--- DATA FOR PROCESSING Enclosed Below ---

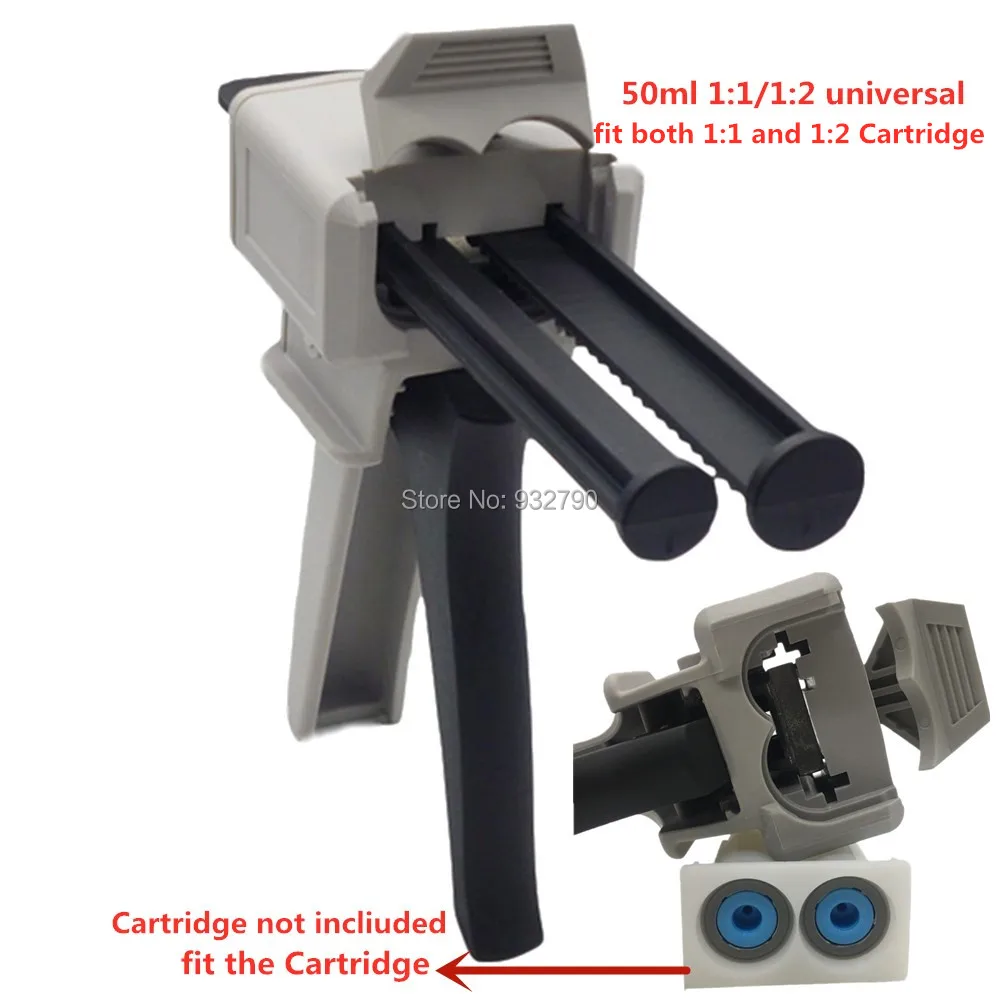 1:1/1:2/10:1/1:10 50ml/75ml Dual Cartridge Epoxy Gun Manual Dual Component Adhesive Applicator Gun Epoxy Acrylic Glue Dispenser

--- End of Enclosed DATA FOR PROCESSING ---
--- DATA FOR PROCESSING Enclosed Below ---

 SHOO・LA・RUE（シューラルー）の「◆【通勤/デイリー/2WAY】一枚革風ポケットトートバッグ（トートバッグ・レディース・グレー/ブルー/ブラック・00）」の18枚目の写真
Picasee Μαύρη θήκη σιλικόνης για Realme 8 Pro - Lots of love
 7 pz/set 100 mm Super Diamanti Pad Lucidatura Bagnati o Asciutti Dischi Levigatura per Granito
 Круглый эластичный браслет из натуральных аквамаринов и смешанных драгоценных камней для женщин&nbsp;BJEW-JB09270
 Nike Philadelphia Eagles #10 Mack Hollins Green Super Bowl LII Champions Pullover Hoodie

--- End of Enclosed DATA FOR PROCESSING ---

◆ EXERCISE BRIEF
Which lines of the data contain the string "Super"? Copy each one.

◆ OUTPUT OF THE EXERCISE
 7 pz/set 100 mm Super Diamanti Pad Lucidatura Bagnati o Asciutti Dischi Levigatura per Granito
 Nike Philadelphia Eagles #10 Mack Hollins Green Super Bowl LII Champions Pullover Hoodie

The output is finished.